Je n'ai pas de nom. Ou alors il m'est inconnu.
Pour certains je suis la Reine des âmes lasses. Pour d'autres la Dame du seuil. Un voyageur m'appella Frigga un jour, mais je sais qu'il se trompait.
J'accueille les âmes solitaires qui passent d'un monde à l'autre. J'habite une petite cabane, au bord du sentier. Un grand chêne la dissimule un peu, et pourtant aucun voyageur ne la rate.
Ils frappent doucement, ils savent que je les attends.
Ce sont des enfants, des adultes, des viellards, des femmes, et des hommes, des couples parfois, jamais plus de deux. Certains sont déjà morts, je le sais, d'autres attendent.
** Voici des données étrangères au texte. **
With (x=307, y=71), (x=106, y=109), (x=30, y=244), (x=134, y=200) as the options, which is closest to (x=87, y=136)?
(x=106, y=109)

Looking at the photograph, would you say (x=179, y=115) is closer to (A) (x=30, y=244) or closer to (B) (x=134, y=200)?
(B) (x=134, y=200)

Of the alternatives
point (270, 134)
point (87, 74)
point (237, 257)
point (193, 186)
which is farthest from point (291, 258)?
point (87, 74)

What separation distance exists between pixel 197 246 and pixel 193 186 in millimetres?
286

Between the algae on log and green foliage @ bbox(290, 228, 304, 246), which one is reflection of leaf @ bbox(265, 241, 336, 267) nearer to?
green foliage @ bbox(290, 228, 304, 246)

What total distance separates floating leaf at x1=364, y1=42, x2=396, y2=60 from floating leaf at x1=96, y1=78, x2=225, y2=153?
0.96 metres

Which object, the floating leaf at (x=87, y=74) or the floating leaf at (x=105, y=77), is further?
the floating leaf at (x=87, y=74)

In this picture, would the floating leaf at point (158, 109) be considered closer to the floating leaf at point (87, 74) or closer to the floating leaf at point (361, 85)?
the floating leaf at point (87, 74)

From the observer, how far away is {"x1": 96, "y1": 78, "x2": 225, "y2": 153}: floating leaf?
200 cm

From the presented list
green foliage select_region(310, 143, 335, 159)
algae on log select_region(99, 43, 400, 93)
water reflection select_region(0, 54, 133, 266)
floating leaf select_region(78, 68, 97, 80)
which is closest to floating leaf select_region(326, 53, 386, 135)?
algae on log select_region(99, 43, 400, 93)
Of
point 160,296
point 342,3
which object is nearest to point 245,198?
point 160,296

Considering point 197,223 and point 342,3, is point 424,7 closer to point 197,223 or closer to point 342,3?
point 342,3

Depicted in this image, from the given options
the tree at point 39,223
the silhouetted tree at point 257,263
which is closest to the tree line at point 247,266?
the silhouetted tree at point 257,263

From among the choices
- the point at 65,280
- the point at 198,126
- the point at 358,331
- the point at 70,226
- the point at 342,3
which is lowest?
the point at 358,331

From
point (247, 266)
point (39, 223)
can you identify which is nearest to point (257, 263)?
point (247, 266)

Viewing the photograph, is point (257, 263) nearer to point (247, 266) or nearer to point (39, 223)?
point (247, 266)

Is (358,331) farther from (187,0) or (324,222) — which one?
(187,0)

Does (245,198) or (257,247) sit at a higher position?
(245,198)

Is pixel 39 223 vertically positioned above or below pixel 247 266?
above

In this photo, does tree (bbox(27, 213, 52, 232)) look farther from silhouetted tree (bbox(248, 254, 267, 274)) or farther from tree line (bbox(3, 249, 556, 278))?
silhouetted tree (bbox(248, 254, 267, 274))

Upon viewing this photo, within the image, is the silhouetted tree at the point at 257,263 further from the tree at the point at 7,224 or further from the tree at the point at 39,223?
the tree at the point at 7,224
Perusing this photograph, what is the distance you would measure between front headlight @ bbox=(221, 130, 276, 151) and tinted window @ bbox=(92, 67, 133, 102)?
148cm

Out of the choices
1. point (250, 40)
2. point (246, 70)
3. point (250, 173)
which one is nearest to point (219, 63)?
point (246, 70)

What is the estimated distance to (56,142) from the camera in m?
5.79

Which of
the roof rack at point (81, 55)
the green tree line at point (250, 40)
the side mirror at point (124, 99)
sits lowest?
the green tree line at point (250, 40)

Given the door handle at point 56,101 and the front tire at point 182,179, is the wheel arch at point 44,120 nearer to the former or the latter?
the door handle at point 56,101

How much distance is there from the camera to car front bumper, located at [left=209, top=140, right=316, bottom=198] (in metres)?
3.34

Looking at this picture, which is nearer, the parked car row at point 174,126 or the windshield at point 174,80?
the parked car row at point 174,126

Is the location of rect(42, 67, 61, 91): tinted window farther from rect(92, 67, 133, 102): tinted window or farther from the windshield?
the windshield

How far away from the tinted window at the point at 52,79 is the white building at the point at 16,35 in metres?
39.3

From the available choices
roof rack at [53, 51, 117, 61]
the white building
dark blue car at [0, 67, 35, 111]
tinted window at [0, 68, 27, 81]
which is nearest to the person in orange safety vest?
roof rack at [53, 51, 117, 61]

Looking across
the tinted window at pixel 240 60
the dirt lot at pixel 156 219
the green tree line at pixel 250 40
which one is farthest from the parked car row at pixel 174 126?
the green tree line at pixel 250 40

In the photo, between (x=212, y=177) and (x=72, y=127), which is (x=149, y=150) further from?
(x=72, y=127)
Nous ne parlons pas, nous murmurons, les paupières à demi-fermées. Je leur offre à boire et à manger. Ils se reposent un peu, au coin de feu, et me racontent leurs histoires.
Parfois, j'avoue, j'ai tenté de savoir où ils allaient exactement. Savoir où menait mon sentier.
Parfois, j'avoue, j'ai charmé quelques jeunes gens, toujours pour savoir.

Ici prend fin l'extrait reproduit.